And the clear truth is that many of the
targets of the current NSR enforcement initiative are functionally related to
routine maintenance, repair and replacement.
They cannot usefully be characterized as major modifications or boiler
or powerplant expansions. Appendix Two
delves into the exact nature of the activities at issue here.
The last component of effective enforcement B a desire to embrace outcomes over mere
numbers of cases B is
again often missing in today's approach to enforcement. Of course, current enforcement efforts are
not without their traditional numerical successes. Indeed, EPA released data on its enforcement and compliance
assurance results earlier this year, which included "record-setting
amounts of money violators have committed to environmental cleanups and
restoration, and for projects to protect the environment and human health
beyond injunctive relief, and to record penalty assessments."[10]
Despite this numerical success, Administrator
Whitman has recognized that such numbers are not the sole relevant benchmark
. "With our state and local
partners, we set a high priority on areas that posed serious threats to health
and the environment," said EPA Administrator Christie Whitman. "The
Administration is determined to actively pursue those who fail to comply with
the law while working closely with the regulated community to find workable and
flexible solutions."[11] Clearly then, there is growing recognition
that it is important to prioritize enforcement; to target areas of greater
environmental reduction; and to work cooperatively towards solutions.
Perhaps it is Administrator Whitman's
experience as a Governor that has led her to this conclusion. We should remind ourselves that the number
of federal enforcement actions are not the sole indicators of success. In fact, two years ago, the U.S. Congress
commissioned the Environmental Commission of the States to examine relevant
differences and interrelationships between federal and state enforcement actions. ECOS reported that in one year alone, States
passed over 700 environmental statutes for which there were no federal
counterparts. However, federal
statistics collected by EPA do not count enforcement efforts undertaken by the
States in reference to these actions.[12] Indeed, of the universe of all enforcement
actions undertaken by both the States and EPA, States alone conducted about 90
percent.[13] However, the great majority of these actions
are undertaken in a spirit of cooperation and compliance assurance. ECOS concluded:
"Many State environmental leaders do not
believe that their primary goal is just to conduct enforcement actions. It is more important to assure compliance,
and more important still to improve environmental quality and public
health. For this reason, States have
been leaders in developing 'compliance assistance' programs."[14]
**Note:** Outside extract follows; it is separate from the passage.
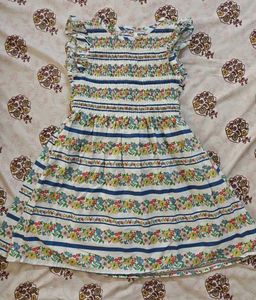 Boho Floral Print Smocked Dress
But, in any event, it is curious and
misplaced criticism to look at elements such as numbers of cases and workyears
of budget allocation as reflective of actual realities. If it is to succeed in moving the needle
towards additional compliance, enforcement programs must be less adversarial
and of greater real assistance. As one
State regulator put it, "the true measure of successful enforcement is in
quantifiable improvement in our environment. Improved natural resources, not
fines, must be the primary objective of any effective environmental
policy." She concluded:
"Allowing states to establish, develop, and implement environmental
improvement policies is critical to their autonomy and the health of the
environment. Heavy fines simply encourage litigation and slow environmental
progress."[15]
3. The
Price of Failure: the Case of NSR Clarification.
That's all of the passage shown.